En 5 secondes Une étude du Groupe de recherche en pharmacologie animale du Québec de l’Université de Montréal menée sur des chats dégriffés démontre les séquelles irréversibles à long terme de cette chirurgie.

Retirer les griffes d’un chat: pour beaucoup en Amérique du Nord, cela est encore considéré comme un geste banal pour protéger un canapé, un tapis ou éviter quelques coups de griffes. En réalité, le «dégriffage» cache un terme médical bien plus brutal: la phalangectomie, soit l’amputation de la dernière phalange de chaque doigt. «On ne coupe pas seulement des griffes, on mutile un animal», s’indigne le professeur Eric Troncy, du Groupe de recherche en pharmacologie animale du Québec (GREPAQ) de l’Université de Montréal. 
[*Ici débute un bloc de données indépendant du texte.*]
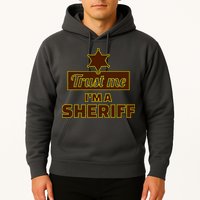 Trust Me I'm A Sheriff Hoodie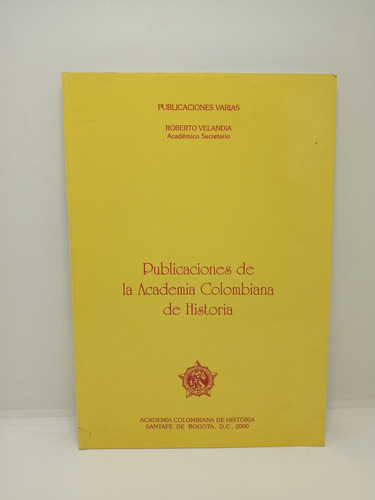 Publicaciones De La Academia Colombiana De Historia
Si cette pratique est interdite au Québec depuis 2024, elle demeure légale dans plusieurs provinces canadiennes et dans la grande majorité des États américains. Faute de données scientifiques solides, même l’American Veterinary Medical Association (AVMA) a refusé de la condamner clairement. «Cette intervention est encore pratiquée sur environ un quart des chats nord-américains, dit le professeur de la Faculté de médecine vétérinaire de l’UdeM. Jusqu’à récemment, l’AVMA ne s’appuyait que sur trois rapports anecdotiques à long terme et ne détenait aucune preuve scientifique sérieuse permettant d'attester la douleur résultant de cette chirurgie.»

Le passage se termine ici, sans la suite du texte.